And it is these miserable wrecks of ancient guilds, these organisms mangled and oppressed by the State, that "scientific" economists have the ignorance to confound with the guilds of the Middle Ages! What the great Revolution swept away as harmful to industry was not the guild, or even the trade union; it was a piece of machinery both useless and harmful. *********

X

History has not been an uninterrupted evolution. At different intervals evolution has been broken in a certain region, to begin again elsewhere. Egypt, Asia, the banks of the Mediterranean, Central Europe have in turn been the scene of historical developments. But, in every case, the first phase of the evolution has been the primitive tribe, passing on into a village commune, then into the free city, and finally dying out when it reaches the phase of the State.

In Egypt, civilization began by the primitive tribe. It reached the village community phasis, and later on the period of free cities; still later that of the State, which, after a flourishing period, resulted in the death of the country. The evolution began again in Assyria, in Persia, in Palestine.
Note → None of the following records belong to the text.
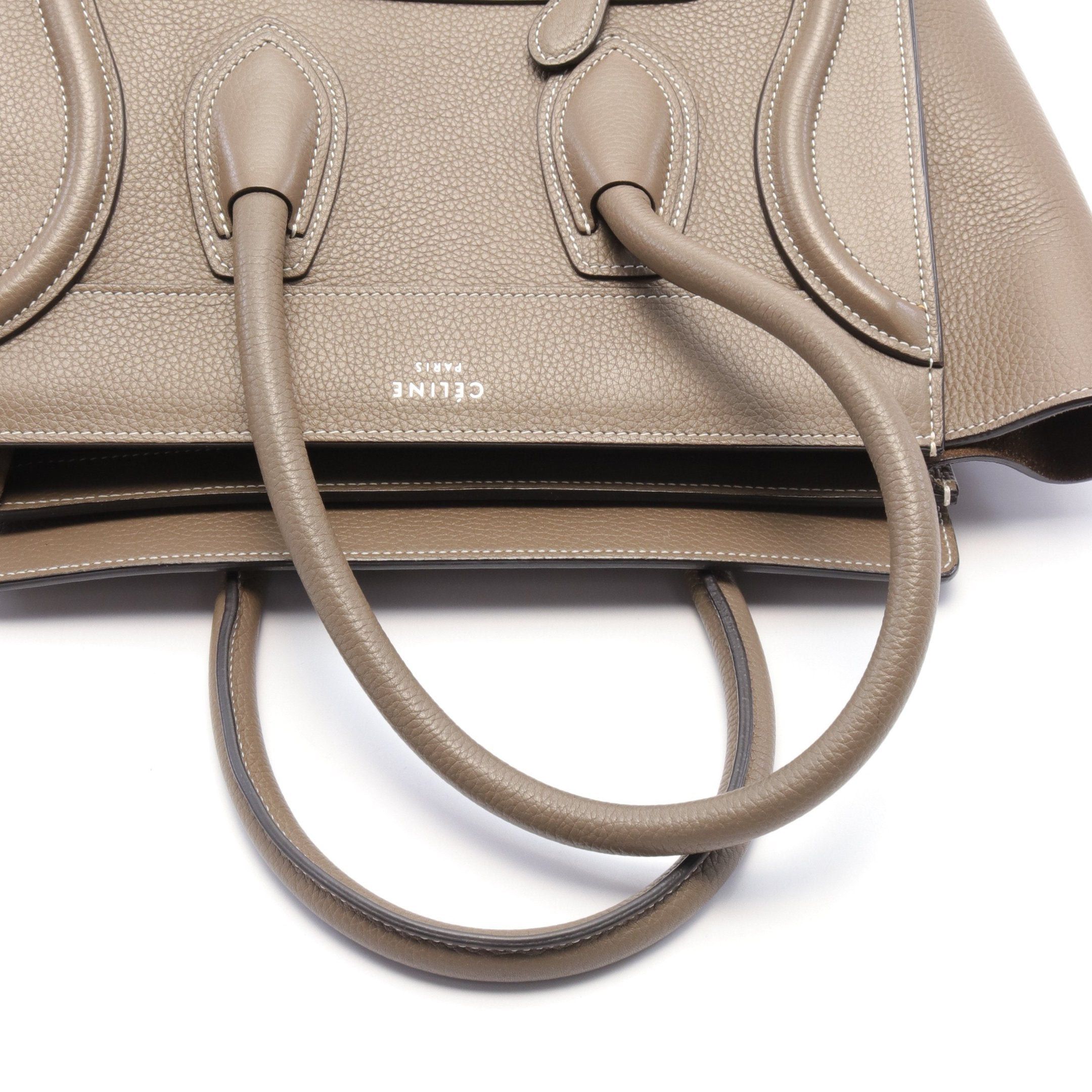 Celine Celine Luggage Micro Shopper Handbag Tote Bag Leather Gray Brown Size ONE SIZE - 7 Thumbnail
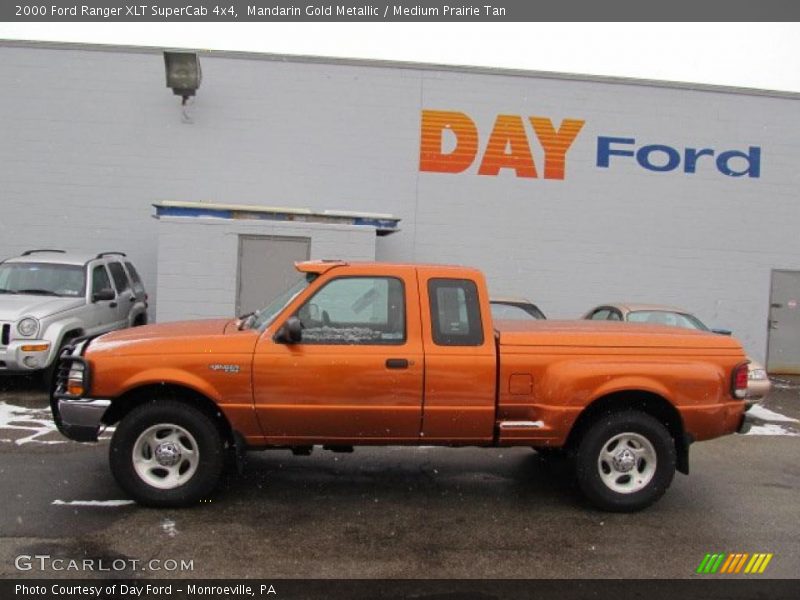 Mandarin Gold Metallic / Medium Prairie Tan 2000 Ford Ranger XLT SuperCab 4x4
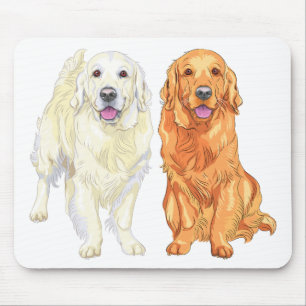 Tapis De Souris Cute Puppy Dog Gift White Yellow Golden Retriever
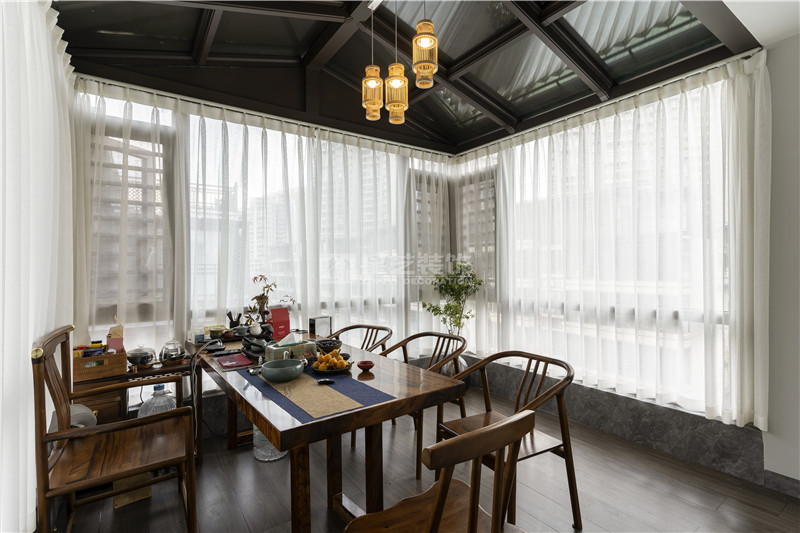 唐越青山 260平復式品茶區(qū)裝修實景圖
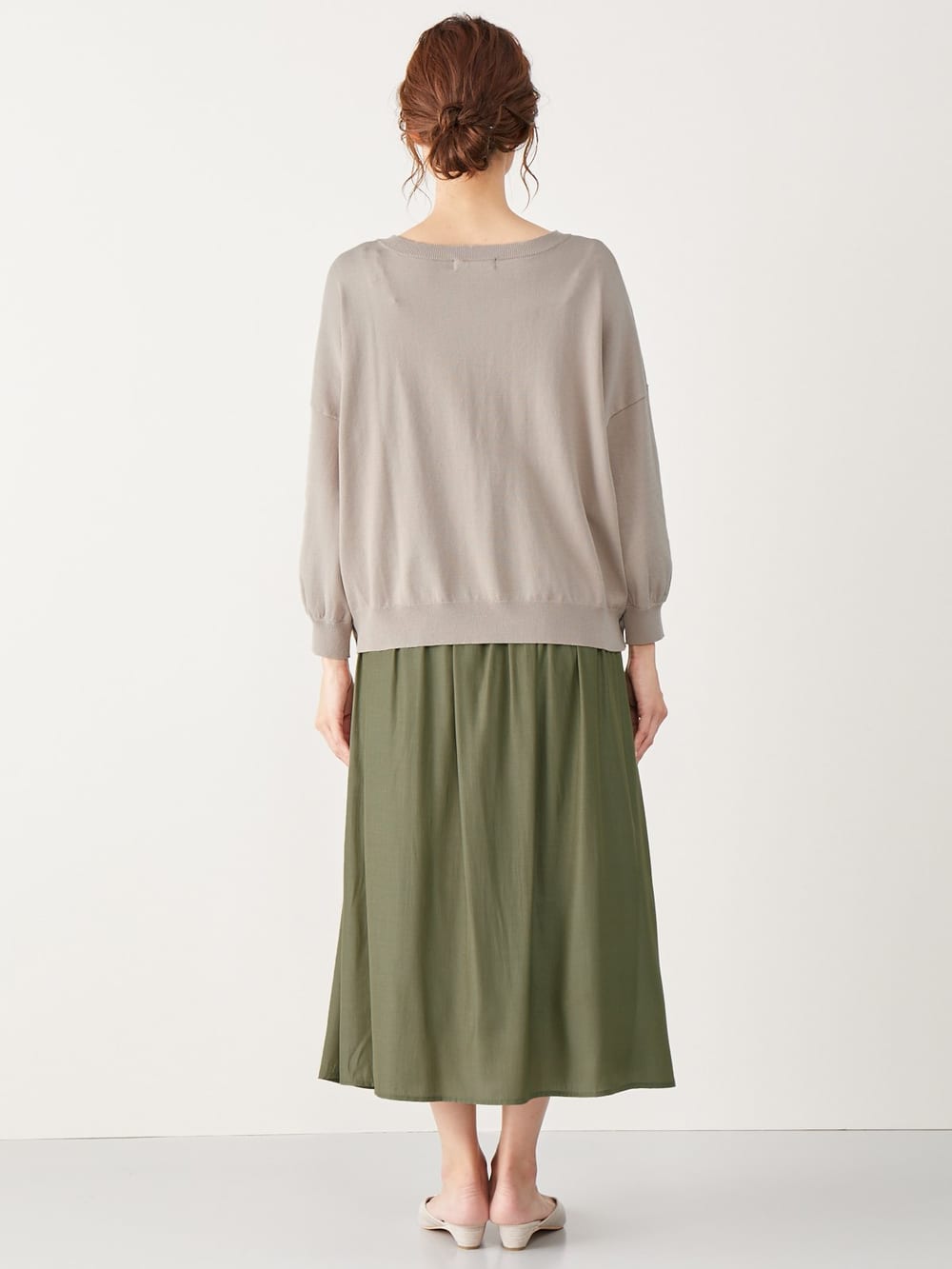 マタニティ トップス|サイドボタンニットトップス　マタニティ・授乳服【出産後も長く使える】|ベージュ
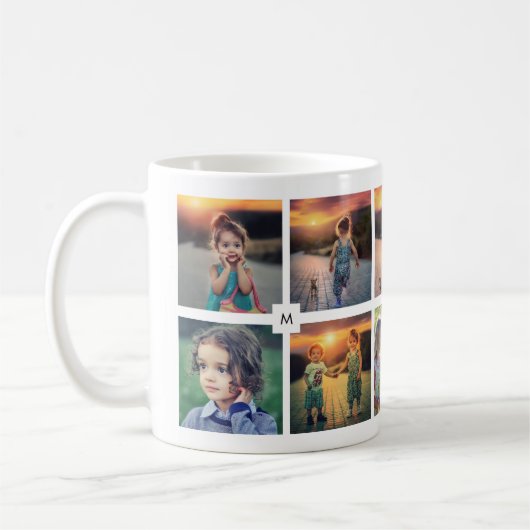 家族の写真のコラージュを作成モノグラムの コーヒーマグカップ (左)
Again it traversed the same path: the tribe, the village community, the free city, the all-powerful State; and finally the result was—death!

A new civilization then sprang up in Greece. Always beginning by the tribe, it slowly reached the village commune, then the period of republican cities. In these cities, civilization reached its highest summits. But the East brought to them its poisoned breath, its traditions of despotism. Wars and conquests created Alexander's empire of Macedonia. The State enthroned itself, killed all civilization, and then came—death!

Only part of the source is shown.